Perhaps the saving grace of ACA is the way that business, which provides health-care insurance for 159 million Americans through employer-paid programs, is responding. More and more, employers are engaging their work forces in programs to stop smoking, and some are even offering incentives for employees who lose weight or otherwise reduce health-risk factors. They’re also improving food selections in vending machines, sponsoring fitness challenges and finding other innovative ways to engage employees to raise fitness levels.

That focus, said Steve Best, human resources director for J.E. Dunn Construction Co., should take precedence over discussions about the impact of ACA or health-insurance rates.
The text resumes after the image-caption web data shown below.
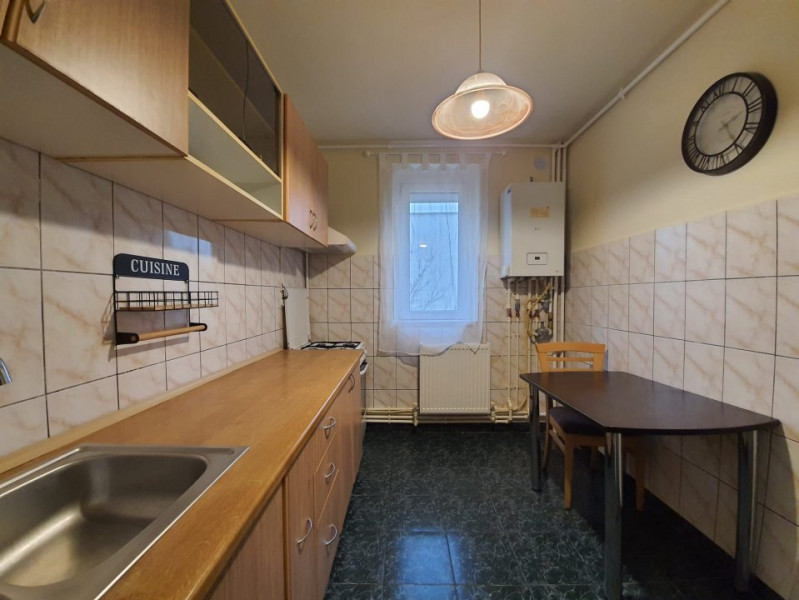 TOMIS II SPITALUL JUDETEAN Apartament cu 2 camere centrala gaze etaj 3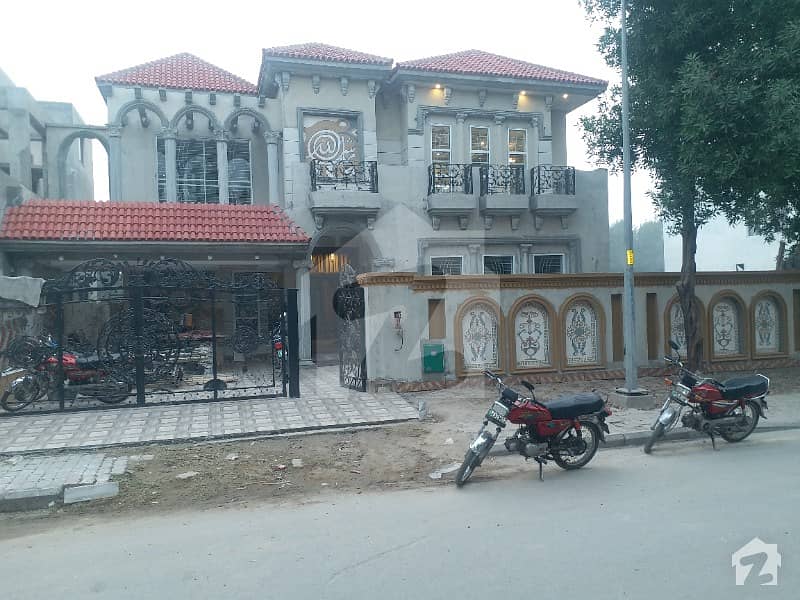 Aavailable Good Location 1 Kanal Brand New House For Rent In Bahria Town Lahore Sector D Block Ee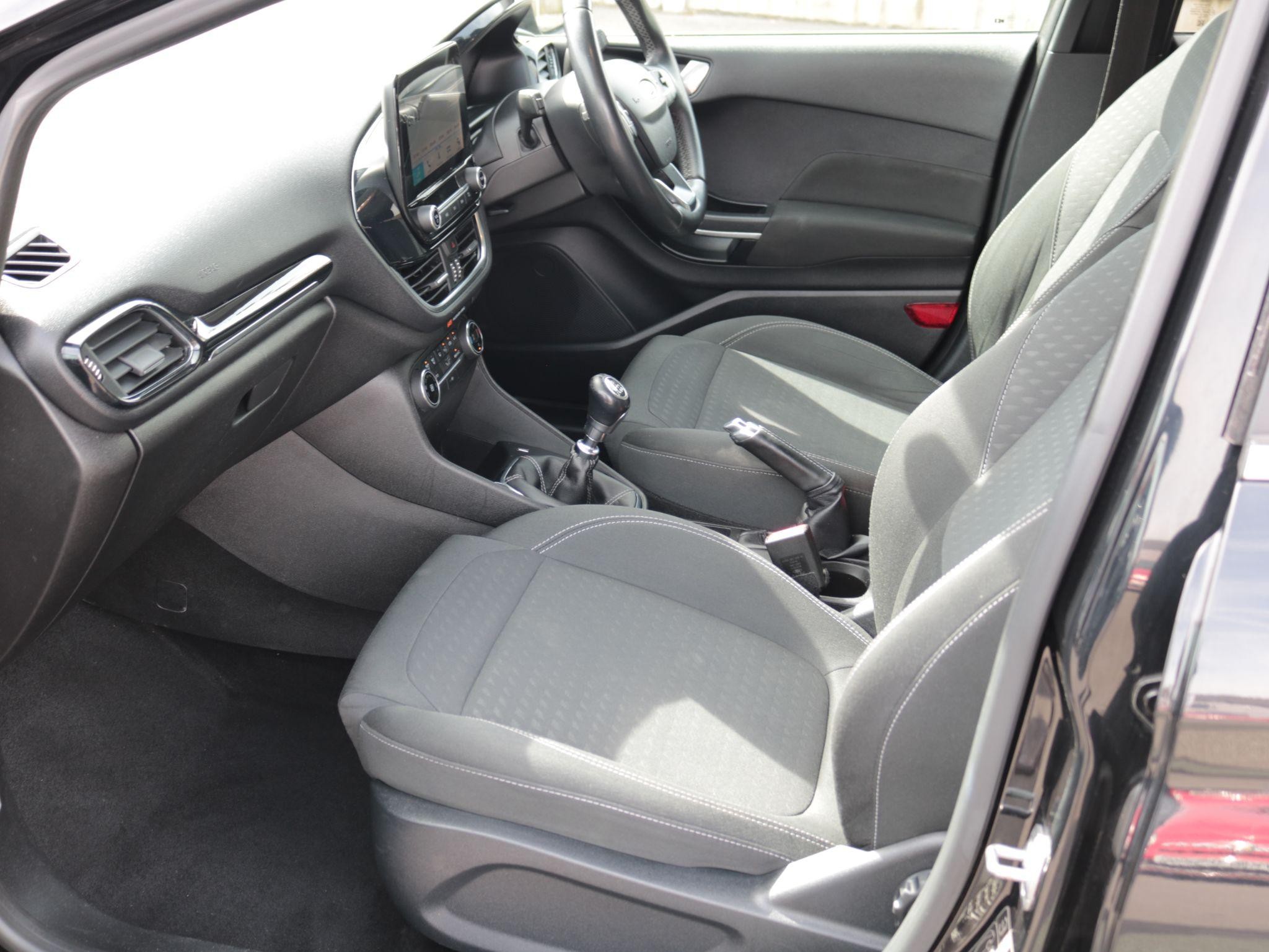 Ford Fiesta Image 14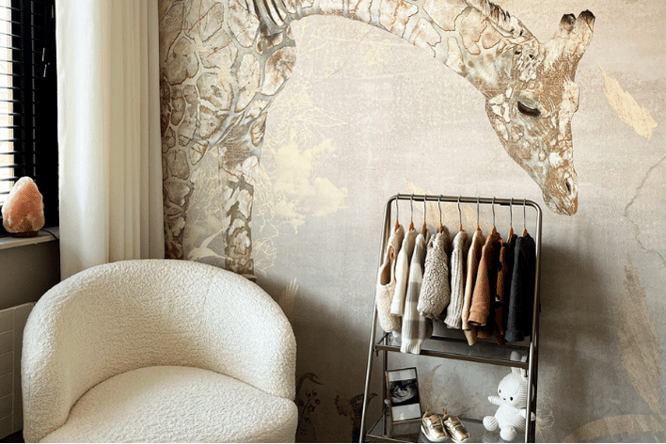 binnenkijken beige babykamer met giraffe behang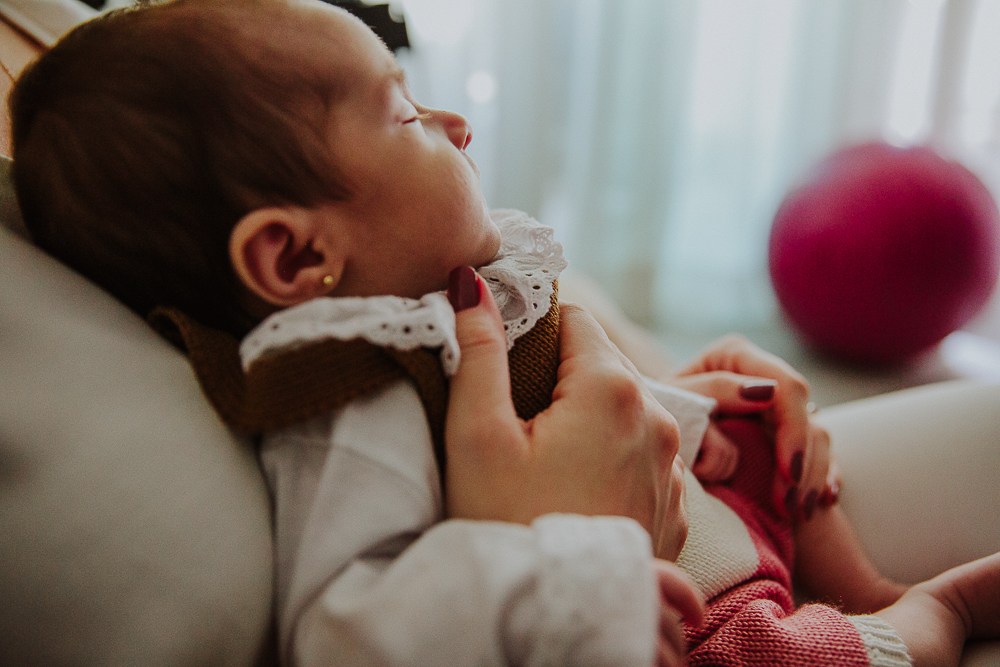 acompanhamento de bebe, natural newborn, fotografia de familia rj, fotografo de familia rj, fotografia de familia, fotografia afetiva aline lelles, fotos de familia em casa, programa boas vindas do canal gnt, album de fotografias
“In a way,” he said, “I’m in the healthcare business.” But he said we’re spending a lot of time talking about health insurance and not enough time talking about health status, wellness, well-being and productivity in general. “Healthy employees are happier employees and more productive employees,” so we need to shift the converstaion back to health status, Best said.

Kramer concurred. “If ACA does what it’s supposed to in terms of optimizing prevention and good primary care so you treat this chronic condition without it getting to a crisis point because there’s no health insurance, that is a good thing,” he said. “But I don’t think you’re going to see primary-care people start taking care of complex problems.”

Even something like heart failure, he said, requires a level of treatment far more complicated than was the case just a decade ago. “There are all kinds of new things on the horizon that primary-care people not attuned to.” Kramer said. “People do want less cost, but they also want high quality. And you have to pay for quality to some extent.”